> AIM OF THE EXERCISE
Restate, exactly and without pictures, the lines from the start of the listing below through the line holding "Saint Francis visited".

> INFORMATION SHOWN
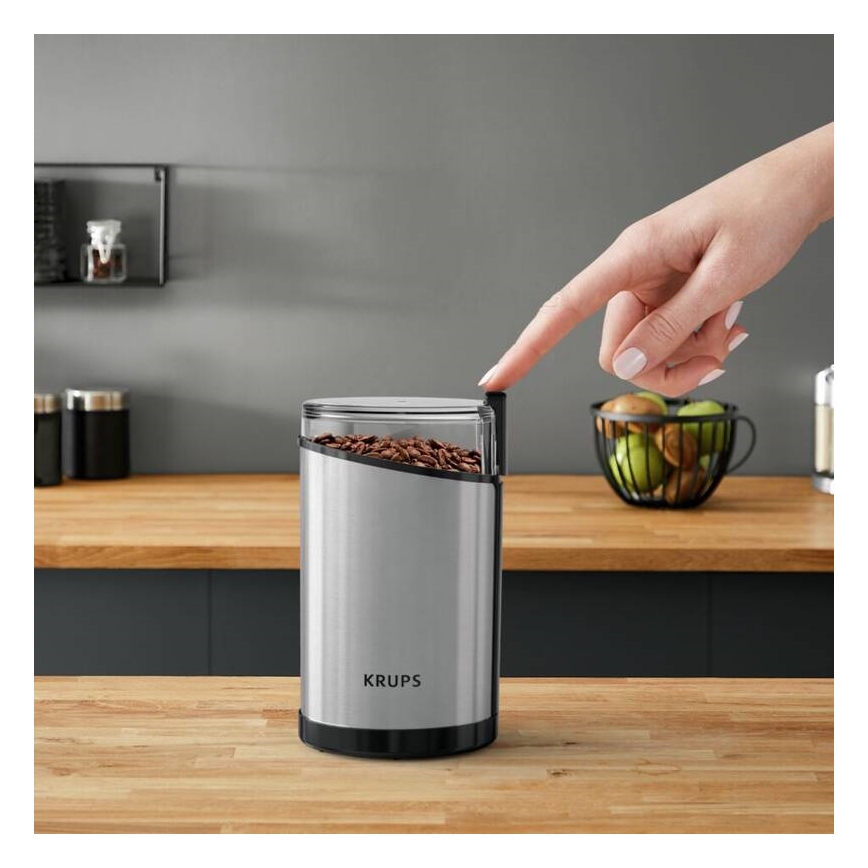 Krups - Elektrinis kavos pupelių malūnėlis 85g FAST-TOUCH 200W/230V matinis chromas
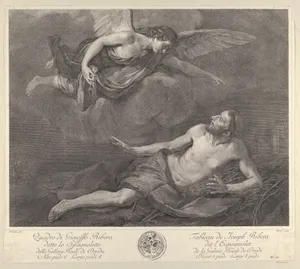 Saint Francis visited by the Angel, from 'Recueil d'estampes d'après les plus célèbres tableaux de la Galerie Royale de Dresde'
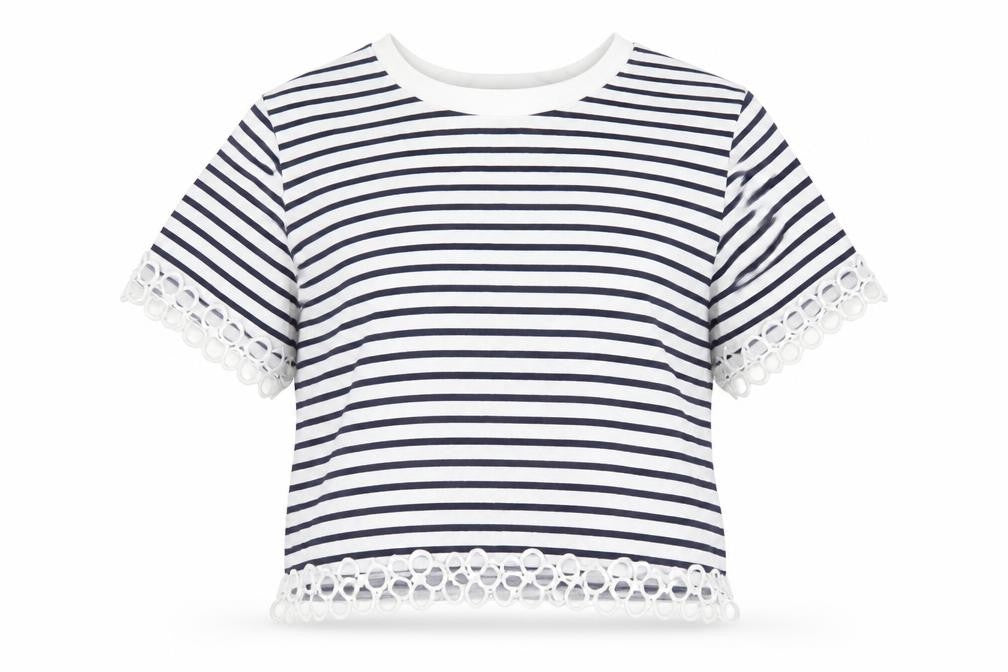 Forever 21 Womens Blue Striped 100% Cotton Cropped T-Shirt Size S Round Neck - Floral Embroidery Trim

> RESPONSE AREA
 Krups - Elektrinis kavos pupelių malūnėlis 85g FAST-TOUCH 200W/230V matinis chromas
 Saint Francis visited by the Angel, from 'Recueil d'estampes d'après les plus célèbres tableaux de la Galerie Royale de Dresde'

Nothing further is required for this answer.